◆ **WORKING DATA**:
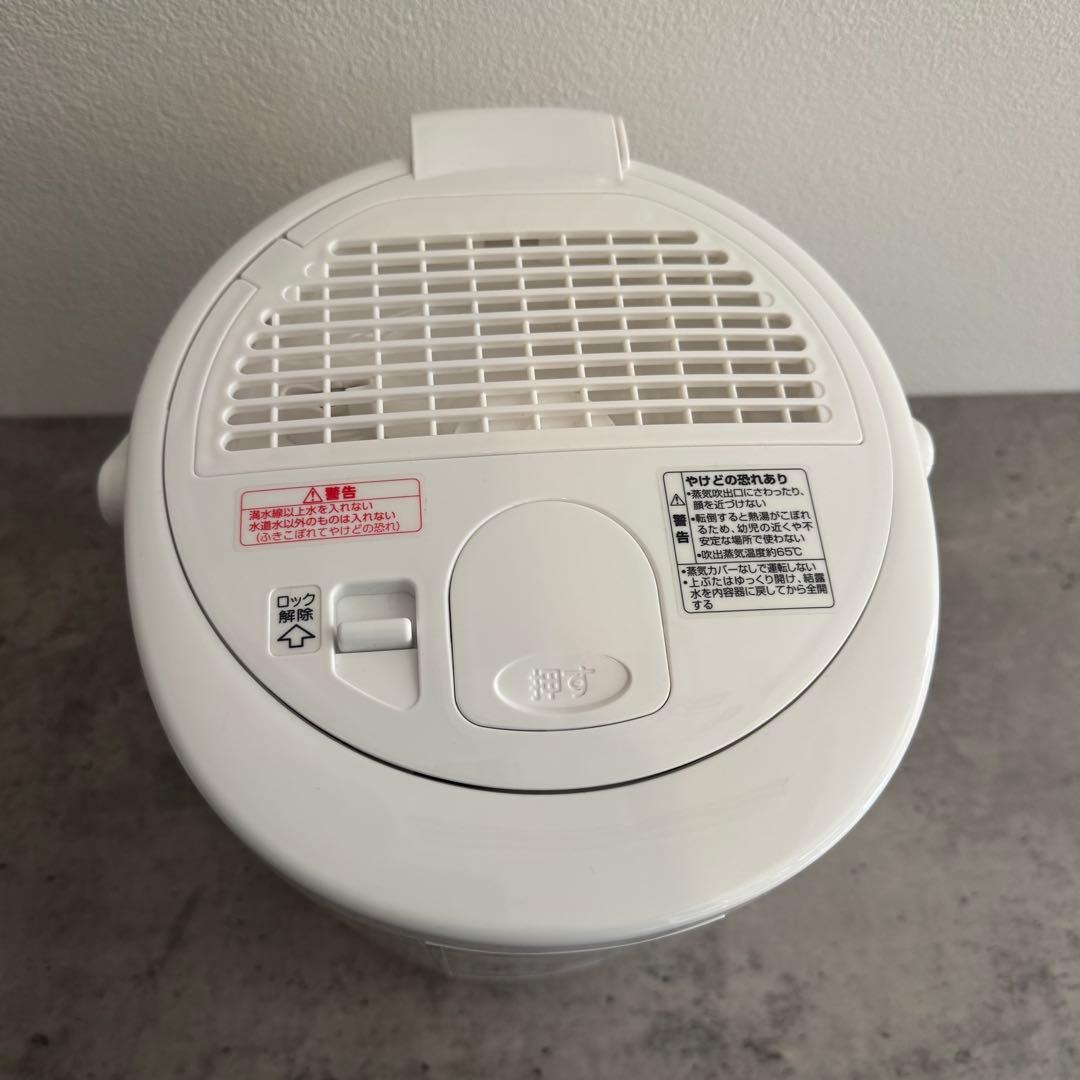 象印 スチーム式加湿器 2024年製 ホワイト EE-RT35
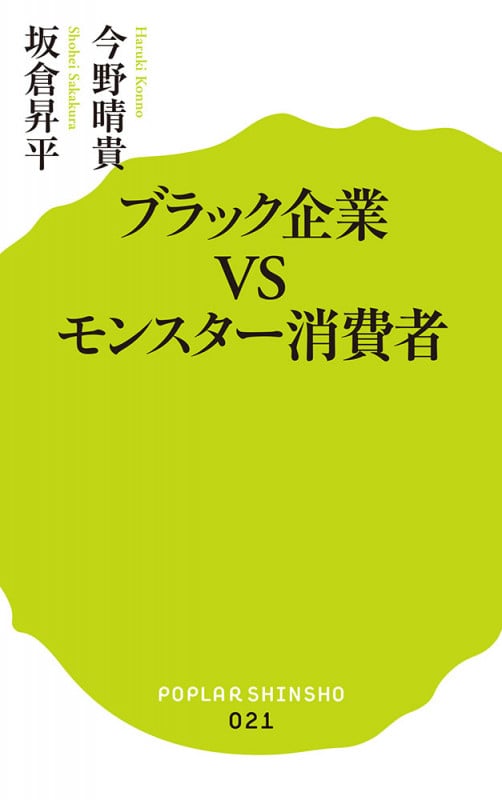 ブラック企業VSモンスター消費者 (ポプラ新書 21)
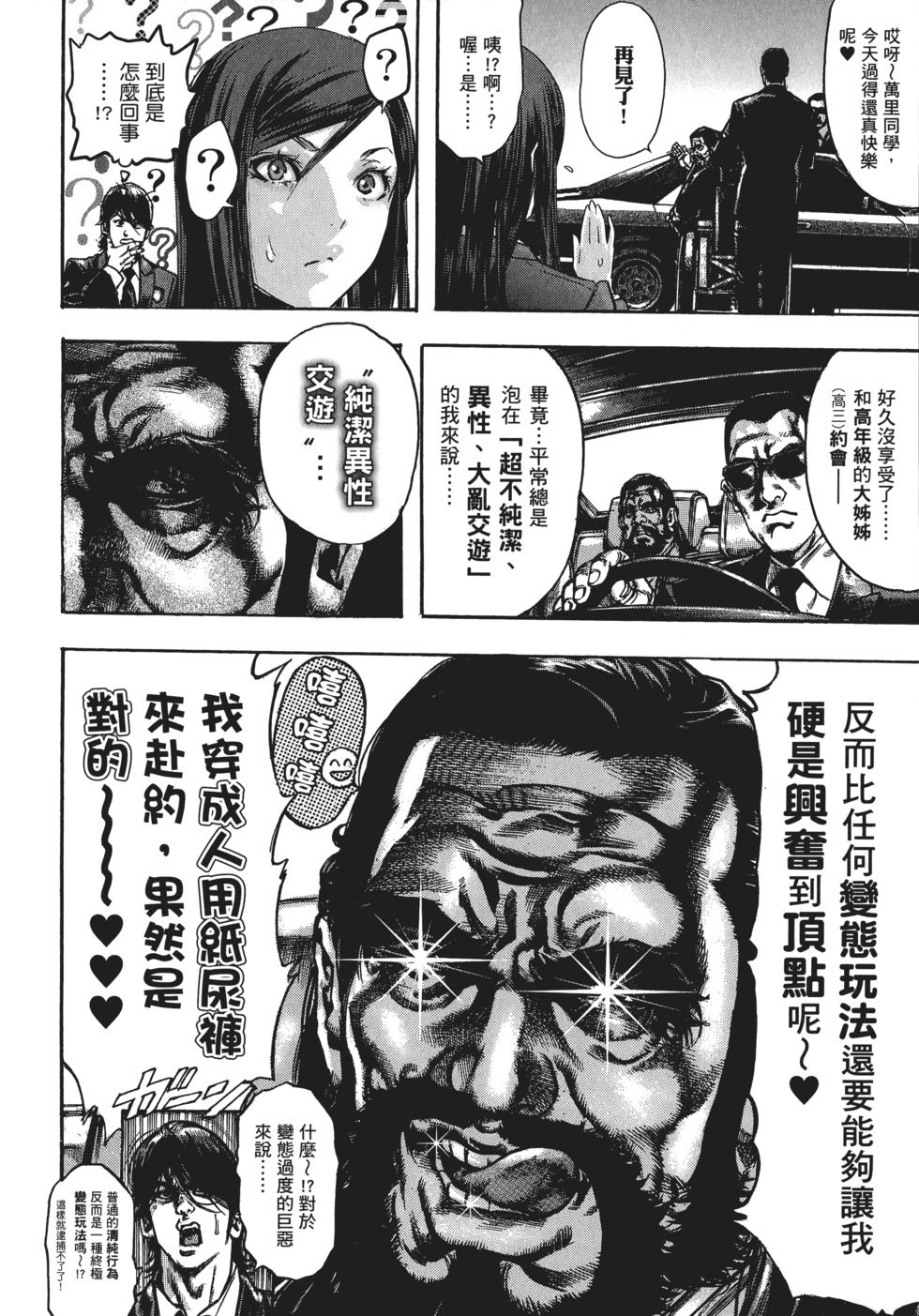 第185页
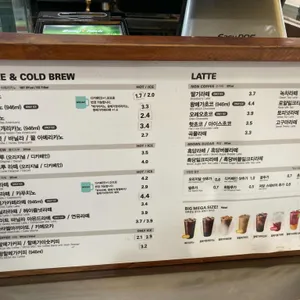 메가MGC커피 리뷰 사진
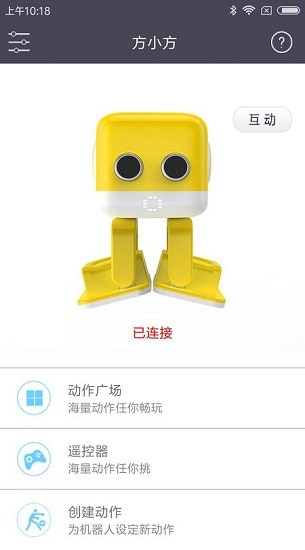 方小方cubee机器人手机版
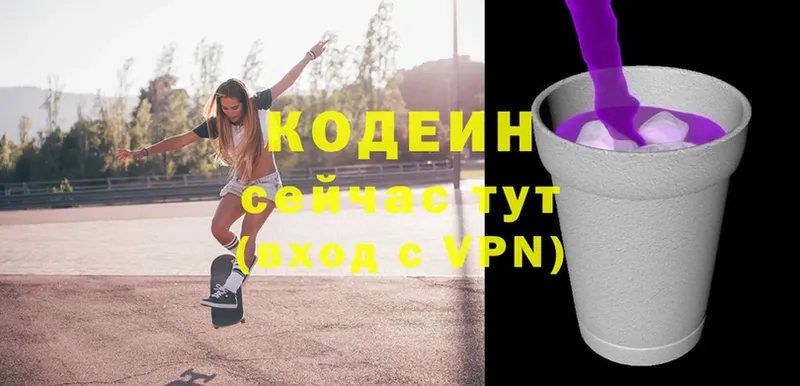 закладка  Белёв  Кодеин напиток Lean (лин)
* * *
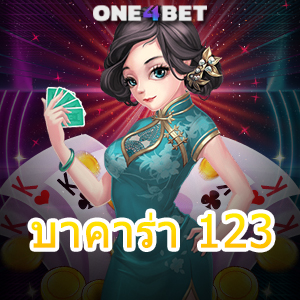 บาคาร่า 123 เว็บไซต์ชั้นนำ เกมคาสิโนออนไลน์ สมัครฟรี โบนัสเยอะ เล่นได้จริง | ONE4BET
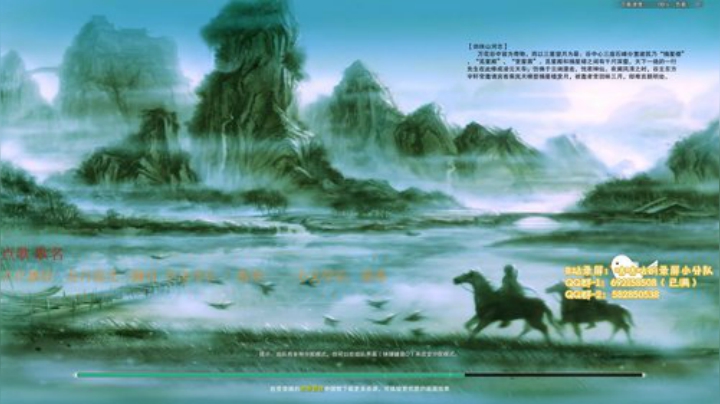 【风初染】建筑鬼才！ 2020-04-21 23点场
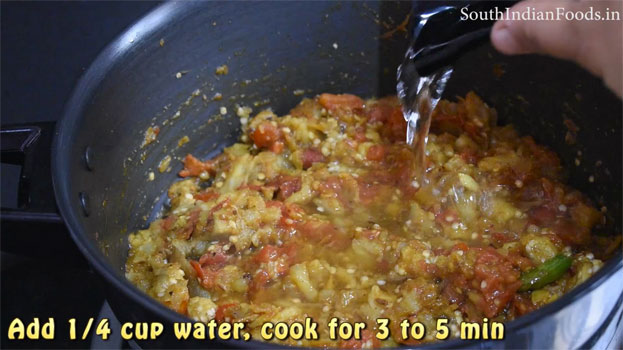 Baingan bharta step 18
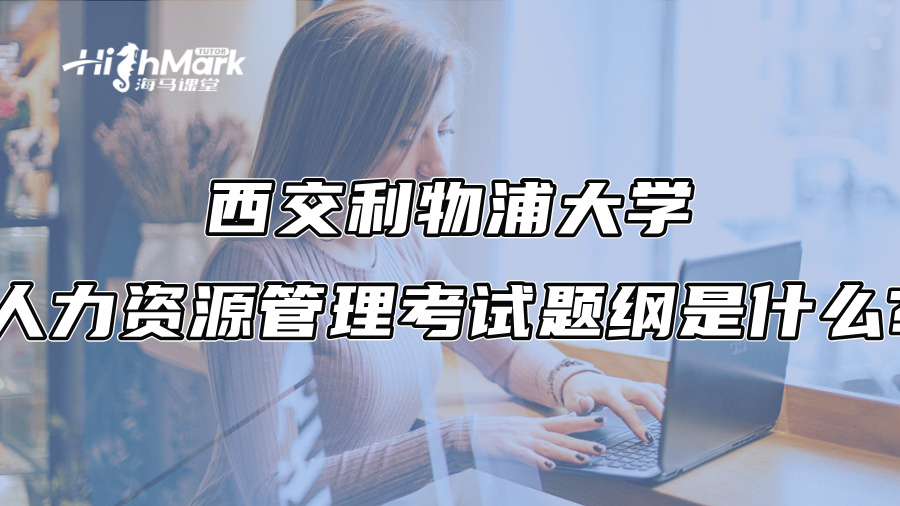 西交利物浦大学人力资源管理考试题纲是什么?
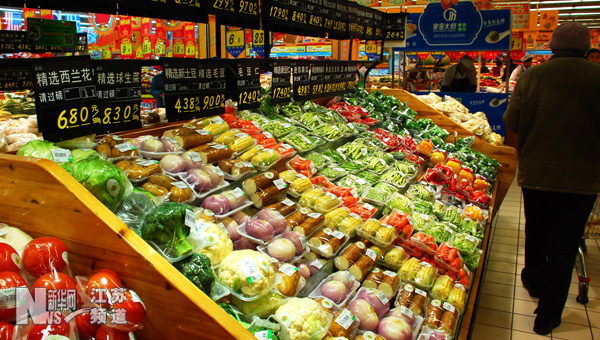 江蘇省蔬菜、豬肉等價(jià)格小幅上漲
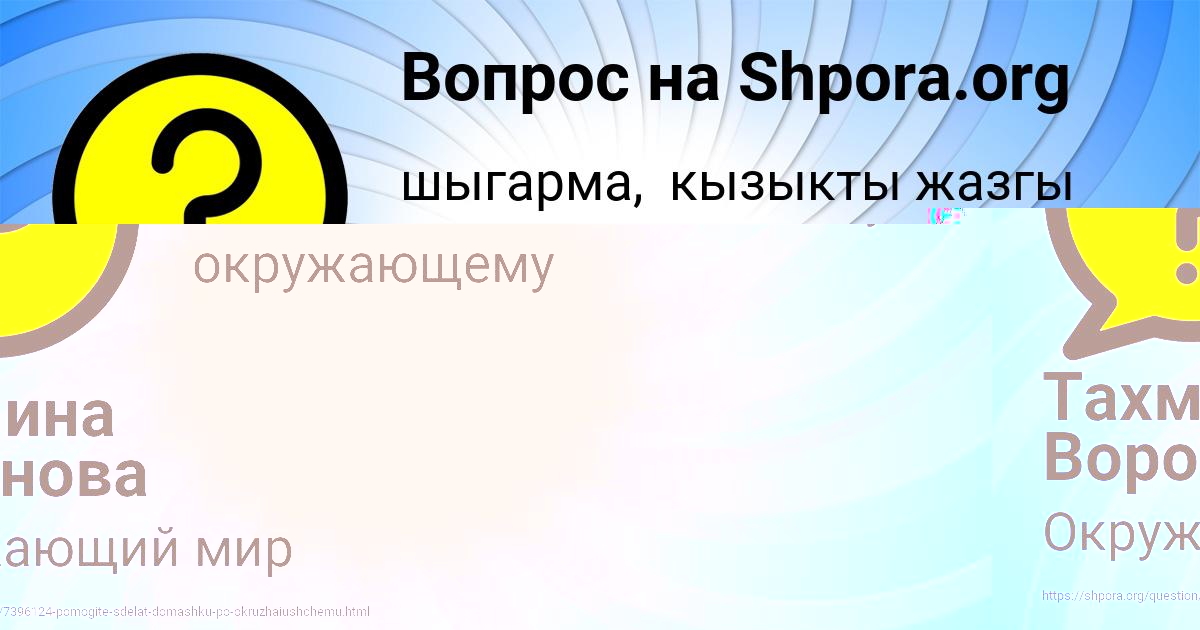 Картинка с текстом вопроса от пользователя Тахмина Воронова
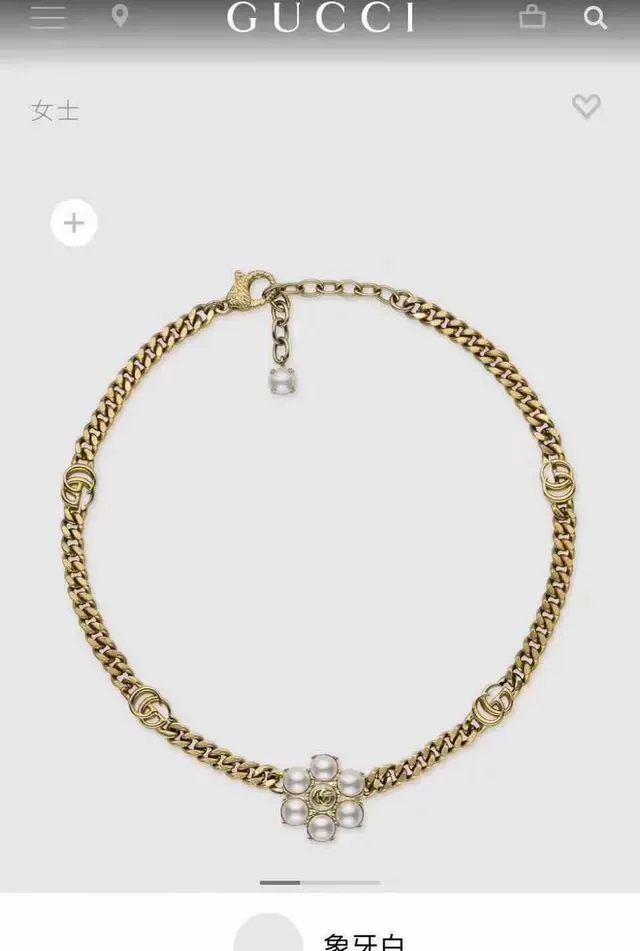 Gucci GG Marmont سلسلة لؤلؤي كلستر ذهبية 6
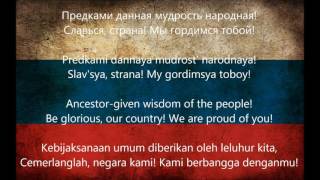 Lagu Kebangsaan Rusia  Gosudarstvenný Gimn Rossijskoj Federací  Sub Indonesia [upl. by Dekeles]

◆ **EXERCISE DIRECTIONS**: Quote the lines above exactly, starting with the one that has "江蘇省蔬菜、豬肉等價(jià)格小幅上漲" and ending with the one that has "Lagu Kebangsaan Rusia"; drop the pictures and include nothing else.

◆ **RESULT**:
 江蘇省蔬菜、豬肉等價(jià)格小幅上漲
 Картинка с текстом вопроса от пользователя Тахмина Воронова
 Gucci GG Marmont سلسلة لؤلؤي كلستر ذهبية 6
 Lagu Kebangsaan Rusia  Gosudarstvenný Gimn Rossijskoj Federací  Sub Indonesia [upl. by Dekeles]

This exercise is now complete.